* [Work item]: The answer should be every line below, retyped exactly.

--- Exercise data Enclosed Below ---

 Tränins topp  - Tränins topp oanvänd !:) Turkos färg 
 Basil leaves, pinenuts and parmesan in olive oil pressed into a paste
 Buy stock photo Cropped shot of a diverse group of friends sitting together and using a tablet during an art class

--- End of Enclosed Exercise data ---

* [Answer area]:
 Tränins topp  - Tränins topp oanvänd !:) Turkos färg 
 Basil leaves, pinenuts and parmesan in olive oil pressed into a paste
 Buy stock photo Cropped shot of a diverse group of friends sitting together and using a tablet during an art class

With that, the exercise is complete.